====== Provided data

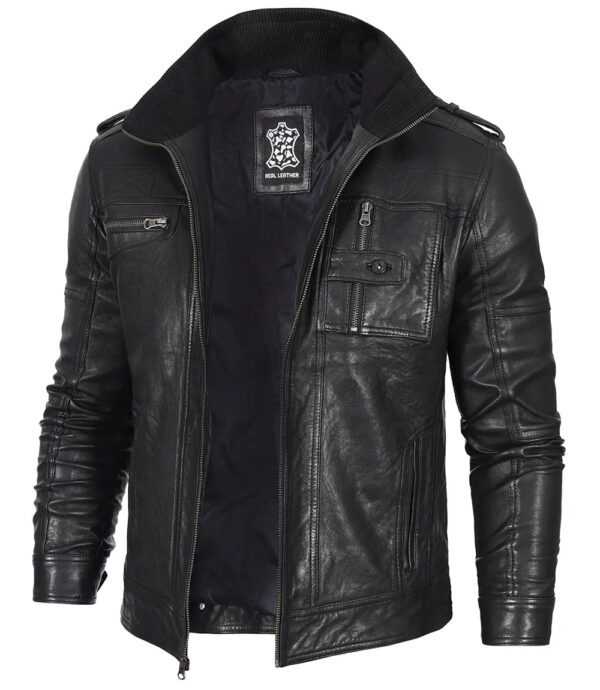 Tavares Mens Distressed Black Leather Biker Jacket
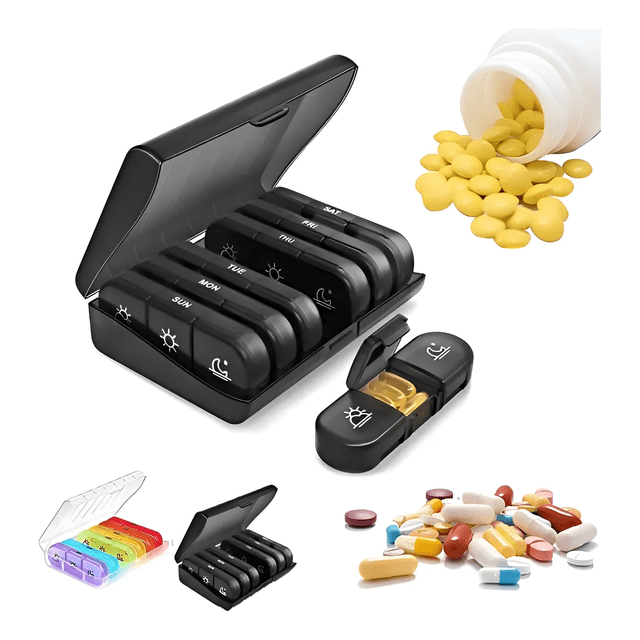 Pastillero Semanal Portátil De Píldora Vitamin Múltiples Xtellar negro
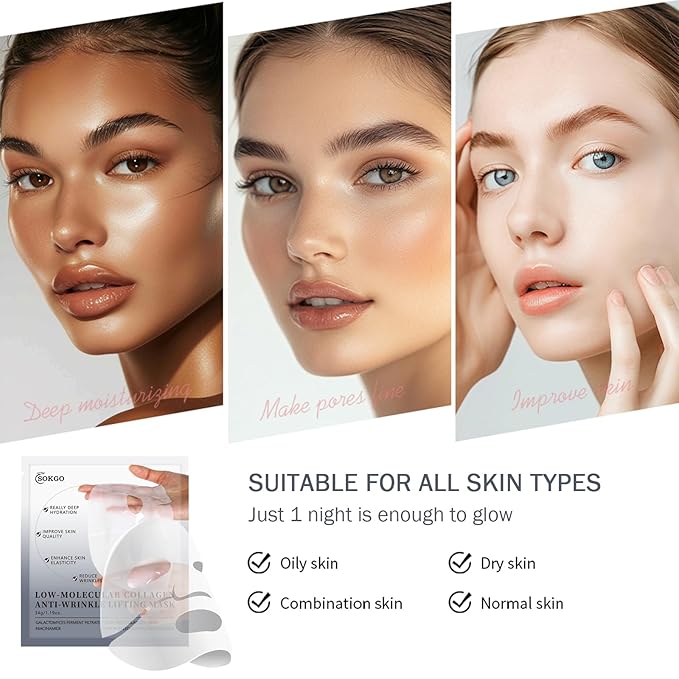 Low Molecular Weight Collagen Overnight Hydrogel Mask, Enhances Skin Elasticity, Reduces Pores, Transforms from White to Transparent Upon Absorption Skin Care Treatment，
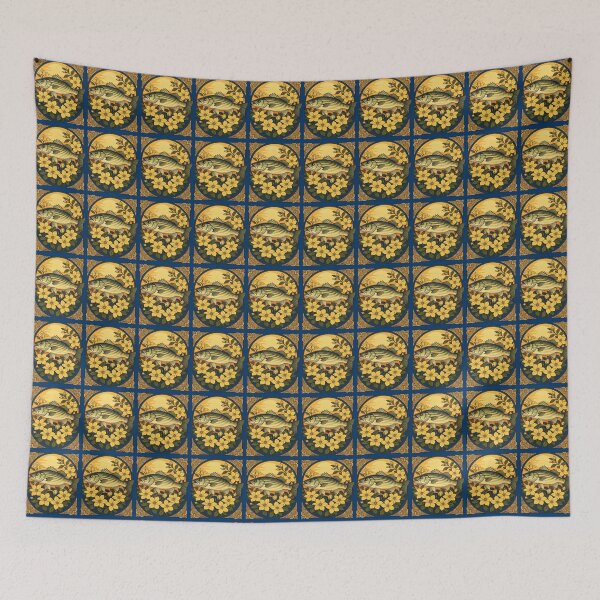 Item preview, Striped Bass Rockfish And Yellow Jasmine Flowers designed and sold by taiche.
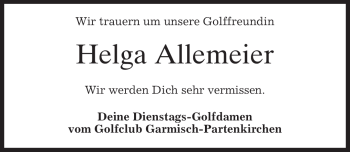 Traueranzeige von Helga Allemeier von MERKUR & TZ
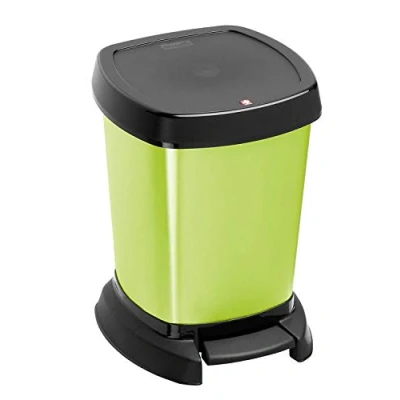 Afbeelding van Rotho Paso Afvalbak 6l voor de badkamer met pedaal en deksel, Kunststof (PP) BPA vrij, groen/metaal, (23.4 x 21.9 29.2 cm)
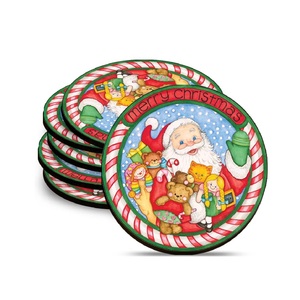 Posavasos Redondos Navideños con Diseño de Santa Claus, Tapetes Absorbentes de Goma, Borde con Rayas de Bastón de Caramelo, Juguetes - Product Image 1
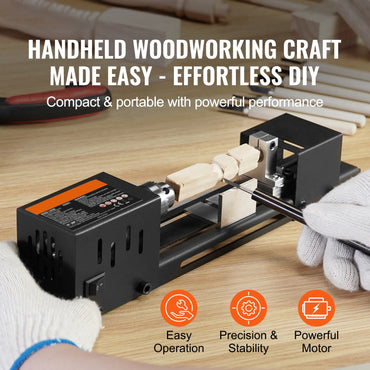 Mini wood lathe, 24 V, 7 speeds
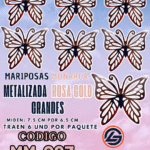 Mariposas Grandes Monarca Rosa Gold metalizadas 1 paquete contiene 6 und. código MM-083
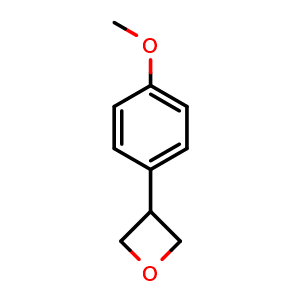 Chemical structure of 3-(4-methoxyphenyl)oxetane , CAS 1401878-45-2, AChemBlock AD293081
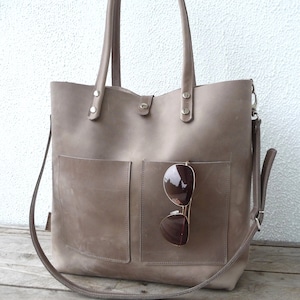 XL Leder Tragetasche Damen schlammgrau, Ledertasche für Laptop/Tablet bis 13", hochwertiges Rindleder, Enie Frontpocket - grau!!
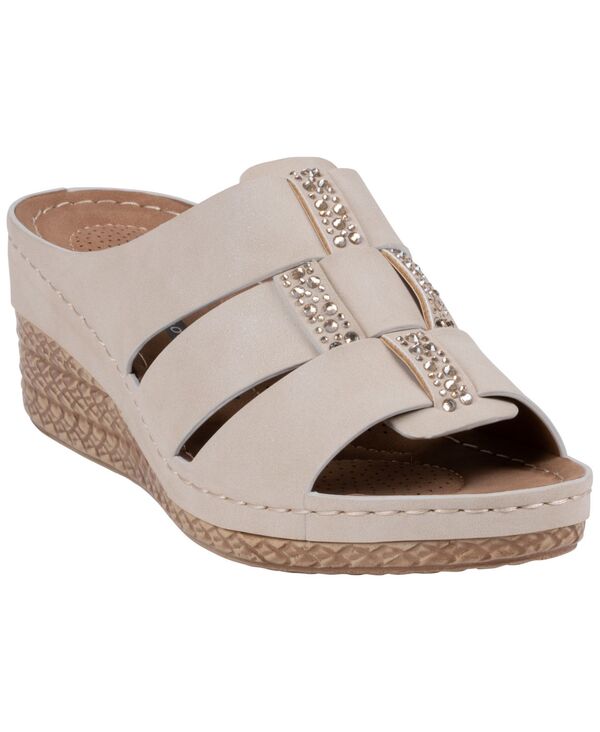 ジーシーシューズ レディース サンダル GC Shoes Women\u0027s Montembellished Wedge Sandals Beige ベージュ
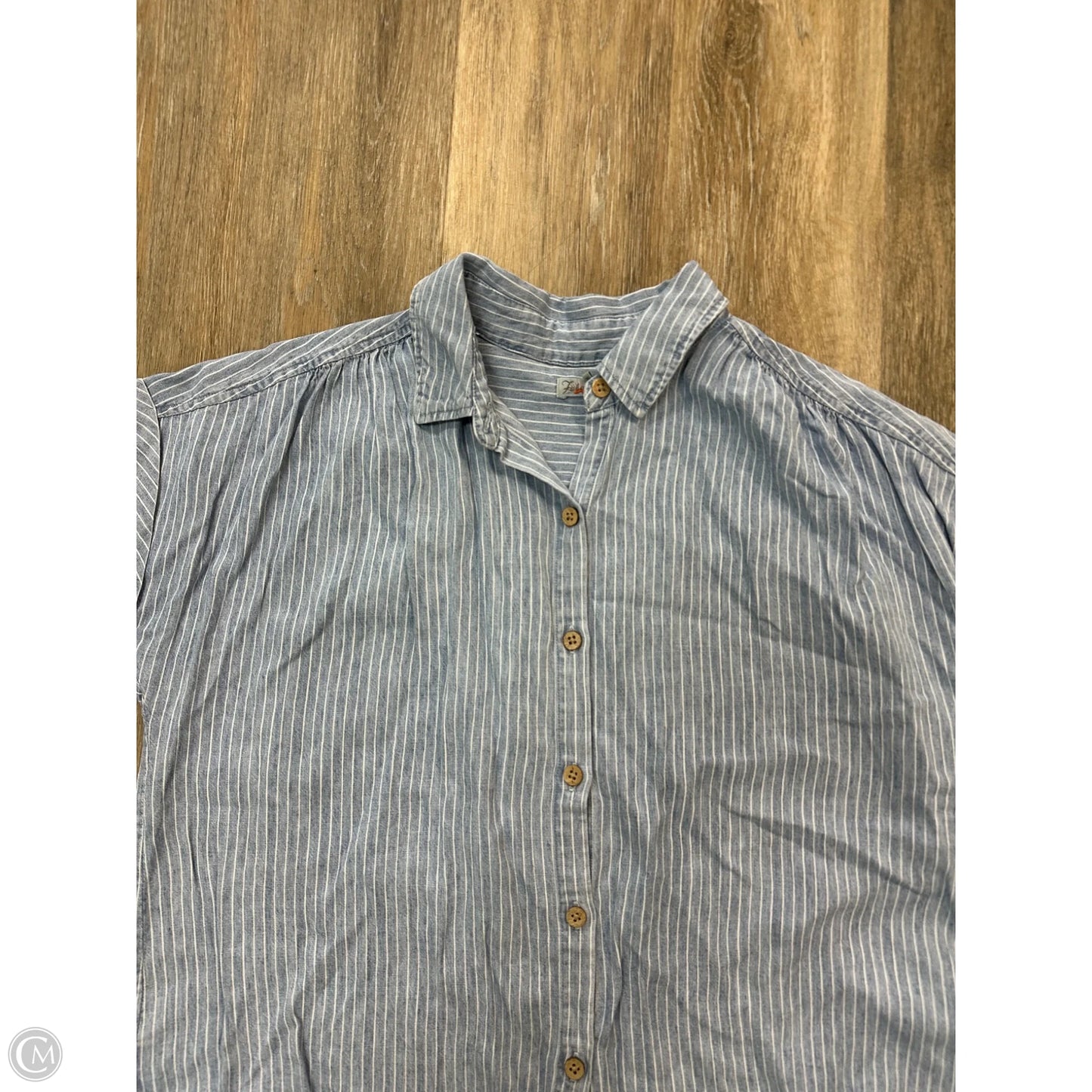 Blouse Short Sleeve By Faherty In Striped Pattern, Size: S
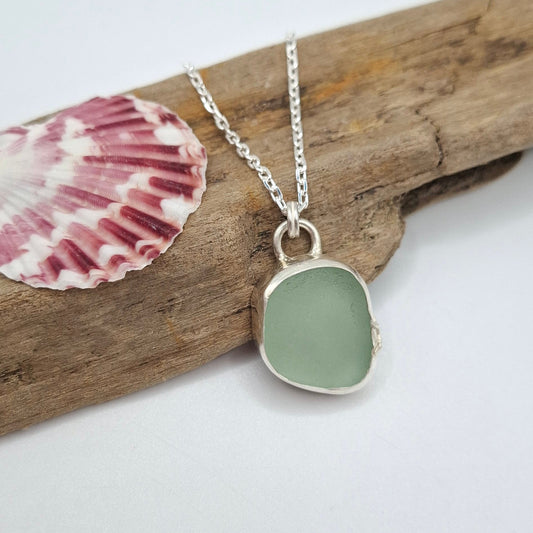 Channel Islands pale green chunky seaglass pendant | Ocean-Inspired Handmade Jewellery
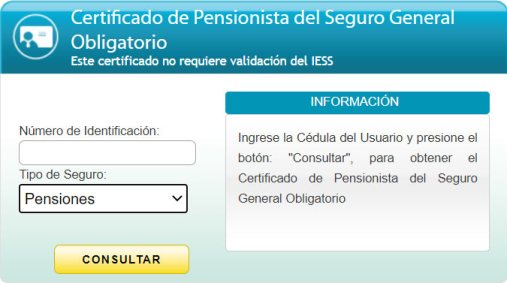 Certificado de pensión de seguro general obligatorio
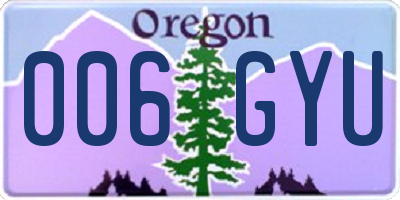 OR license plate 006GYU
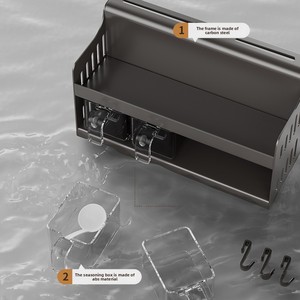 ชั้นวางของติดผนังในครัว ทำจากเหล็กกล้าคาร์บอน ไม่ต้องเจาะผนัง ชั้นเดียวอเนกประสงค์ สำหรับเก็บเครื่องเทศ มีด และกล่องเก็บของ - Product Image 3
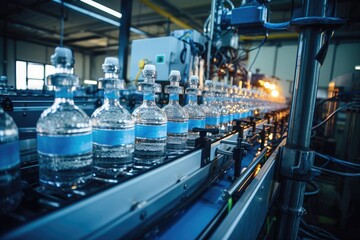 Process of beverage manufacturing on a conveyor belt at a factory.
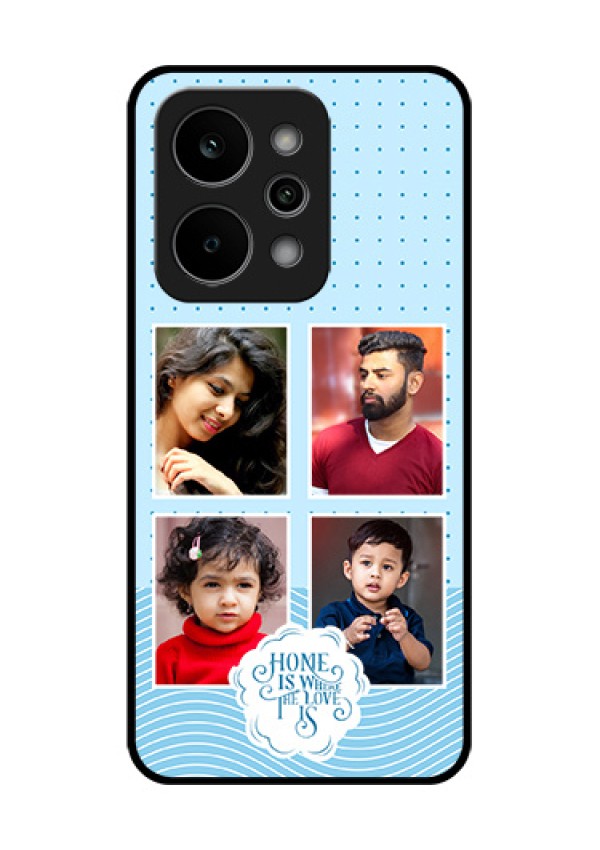 Realme P4 Power 5G Custom Glass Phone Case - Cute Love Quote With 4 Pic Upload Design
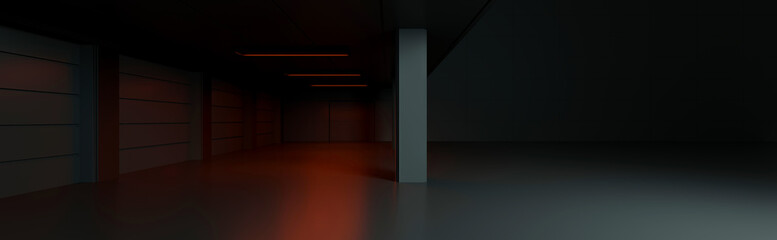 Modern Urban Parking Room. A Sleek 3D Illustration Showcasing Automotive Design in a Grunge Underground Studio with Concrete Backdrop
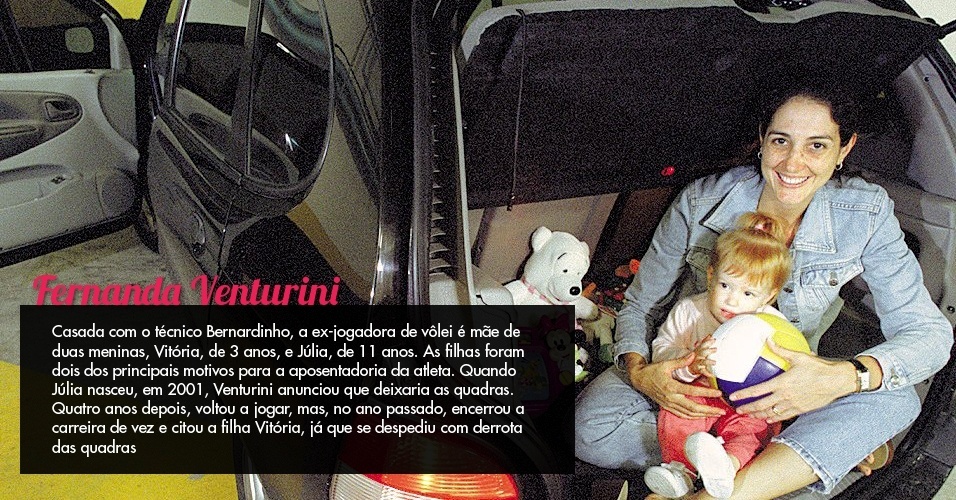 Fernanda Venturini  - Casada com o técnico Bernardinho, a ex-jogadora de vôlei é mãe de duas meninas, Vitória, de 3 anos, e Júlia (foto), de 11 anos. As filhas foram dois dos principais motivos para a aposentadoria da atleta. Quando Júlia nasceu, em 2001, Venturini anunciou que deixaria as quadras. Quatro anos depois, voltou a jogar, mas, no ano passado, encerrou a carreira de vez e citou a filha Vitória, já que se despediu com derrota das quadras. - Arte/UOL Esporte - Fernando Moraes/Folhapress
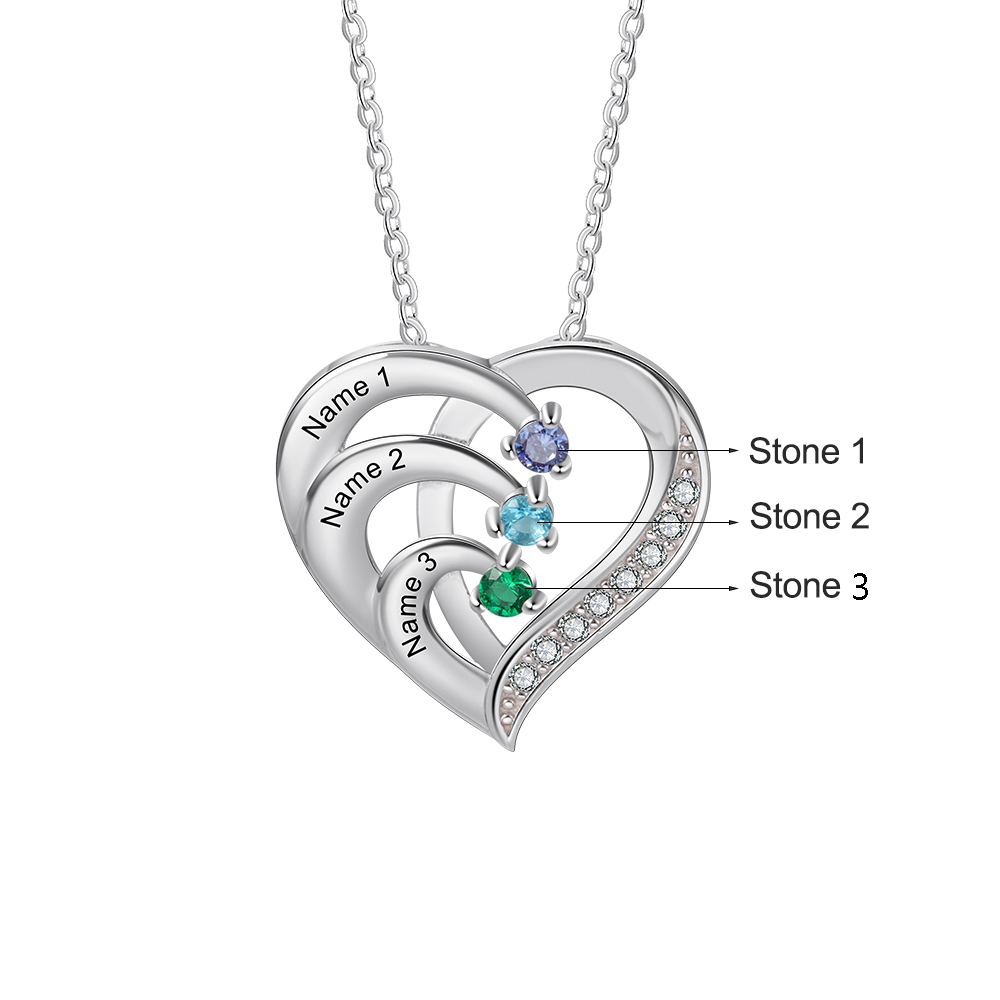 Collier Pendentif en forme de Cœur 3 Prénoms Personnalisés avec 3 Pierres de Naissance | Jessemade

============

> **Work request**: Using the entries above, extract exactly the lines from the one that contains "Afbeelding van Rotho" through the one that contains "Realme P4 Power". Do not carry over any pictures.

> **Final answer**:
 Afbeelding van Rotho Paso Afvalbak 6l voor de badkamer met pedaal en deksel, Kunststof (PP) BPA vrij, groen/metaal, (23.4 x 21.9 29.2 cm)
 Posavasos Redondos Navideños con Diseño de Santa Claus, Tapetes Absorbentes de Goma, Borde con Rayas de Bastón de Caramelo, Juguetes - Product Image 1
 Mini wood lathe, 24 V, 7 speeds
 Mariposas Grandes Monarca Rosa Gold metalizadas 1 paquete contiene 6 und. código MM-083
 Chemical structure of 3-(4-methoxyphenyl)oxetane , CAS 1401878-45-2, AChemBlock AD293081
 XL Leder Tragetasche Damen schlammgrau, Ledertasche für Laptop/Tablet bis 13", hochwertiges Rindleder, Enie Frontpocket - grau!!
 ジーシーシューズ レディース サンダル GC Shoes Women\u0027s Montembellished Wedge Sandals Beige ベージュ
 Blouse Short Sleeve By Faherty In Striped Pattern, Size: S
 Channel Islands pale green chunky seaglass pendant | Ocean-Inspired Handmade Jewellery
 Certificado de pensión de seguro general obligatorio
 OR license plate 006GYU
 ชั้นวางของติดผนังในครัว ทำจากเหล็กกล้าคาร์บอน ไม่ต้องเจาะผนัง ชั้นเดียวอเนกประสงค์ สำหรับเก็บเครื่องเทศ มีด และกล่องเก็บของ - Product Image 3
 Process of beverage manufacturing on a conveyor belt at a factory.
 Realme P4 Power 5G Custom Glass Phone Case - Cute Love Quote With 4 Pic Upload Design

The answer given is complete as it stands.